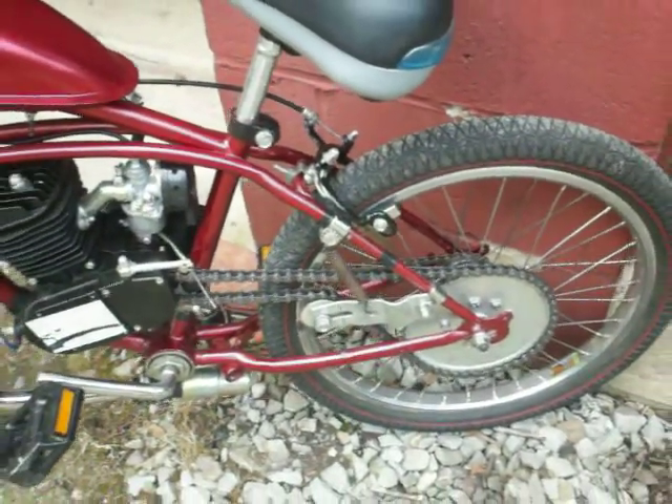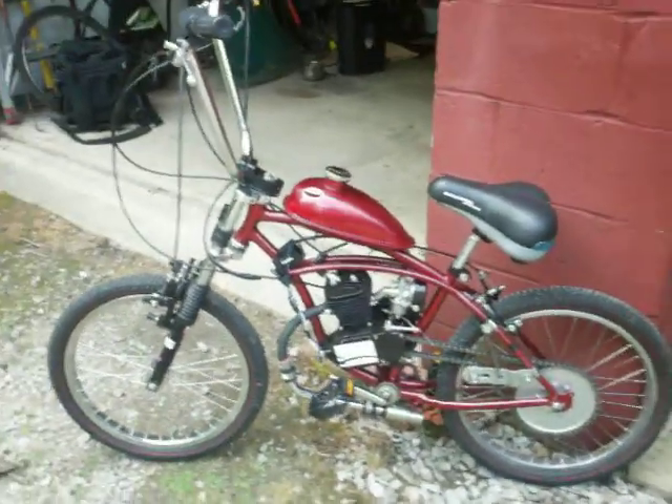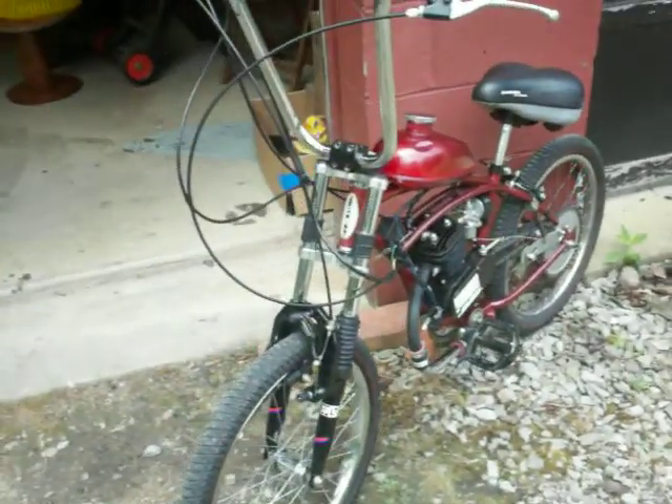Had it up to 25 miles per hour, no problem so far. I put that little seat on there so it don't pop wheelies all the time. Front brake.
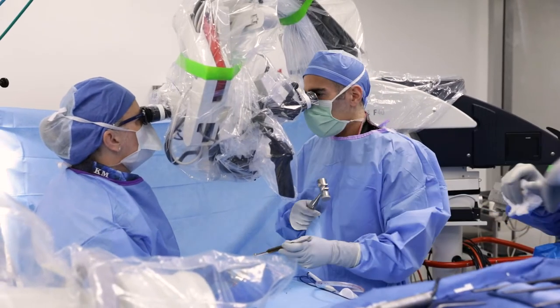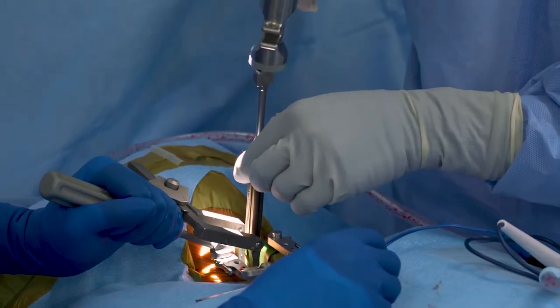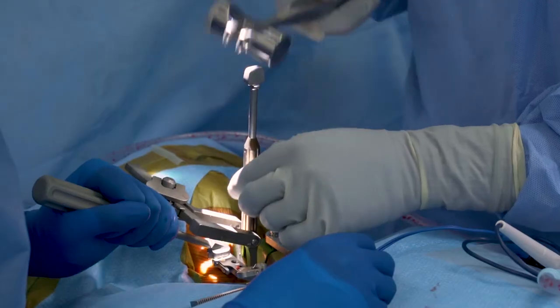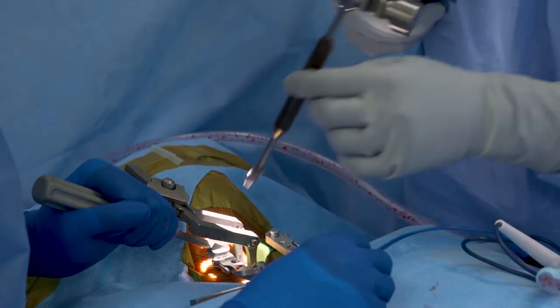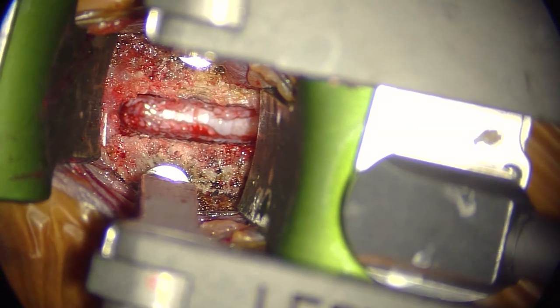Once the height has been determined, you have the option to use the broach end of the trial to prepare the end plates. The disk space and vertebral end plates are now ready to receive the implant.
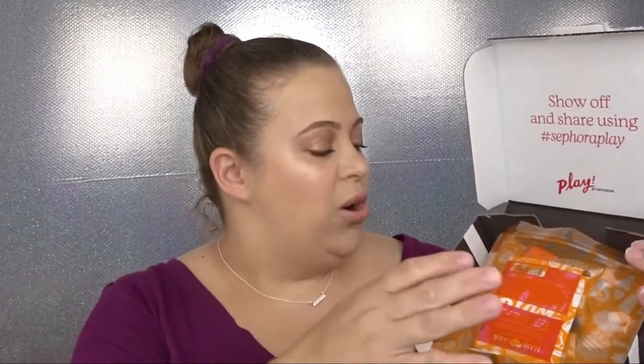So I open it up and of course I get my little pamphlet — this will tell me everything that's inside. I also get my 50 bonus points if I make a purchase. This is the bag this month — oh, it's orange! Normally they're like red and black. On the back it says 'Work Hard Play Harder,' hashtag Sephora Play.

* * *

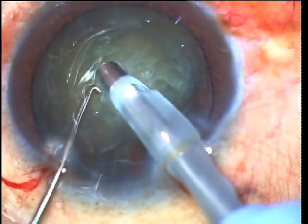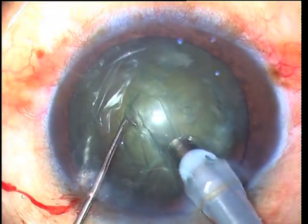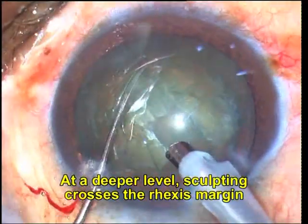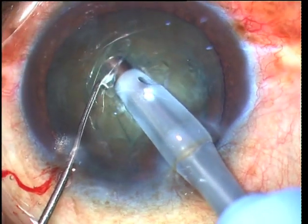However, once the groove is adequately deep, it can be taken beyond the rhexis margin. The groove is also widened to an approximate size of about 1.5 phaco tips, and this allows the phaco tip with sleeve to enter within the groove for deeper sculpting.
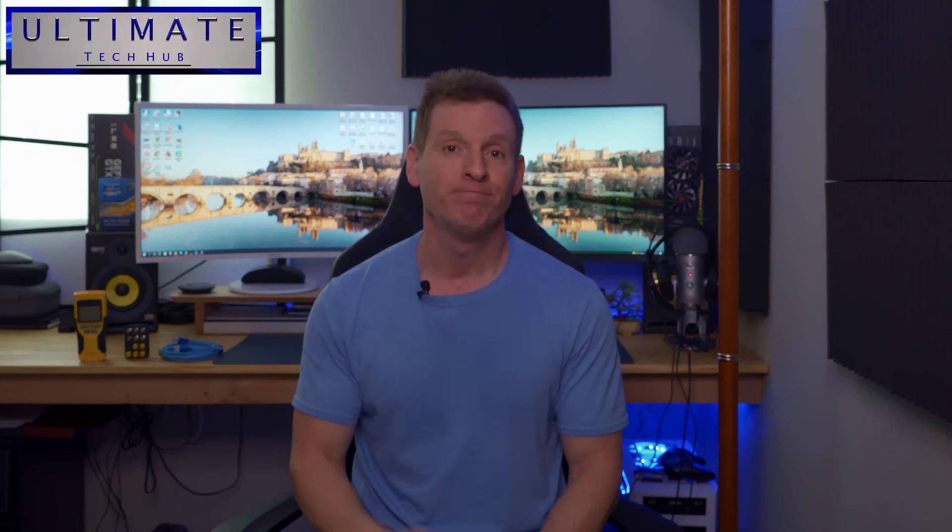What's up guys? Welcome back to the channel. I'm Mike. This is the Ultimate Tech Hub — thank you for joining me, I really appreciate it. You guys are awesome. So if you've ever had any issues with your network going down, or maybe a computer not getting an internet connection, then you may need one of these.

- [Exercise goal]: Start with the line with "However, once the" in the listing above and stop after the line with "What's up guys?". Write out exactly the lines in that stretch and no others, without pictures.

- [Completed task]:
However, once the groove is adequately deep, it can be taken beyond the rhexis margin. The groove is also widened to an approximate size of about 1.5 phaco tips, and this allows the phaco tip with sleeve to enter within the groove for deeper sculpting.
What's up guys? Welcome back to the channel. I'm Mike. This is the Ultimate Tech Hub — thank you for joining me, I really appreciate it. You guys are awesome. So if you've ever had any issues with your network going down, or maybe a computer not getting an internet connection, then you may need one of these.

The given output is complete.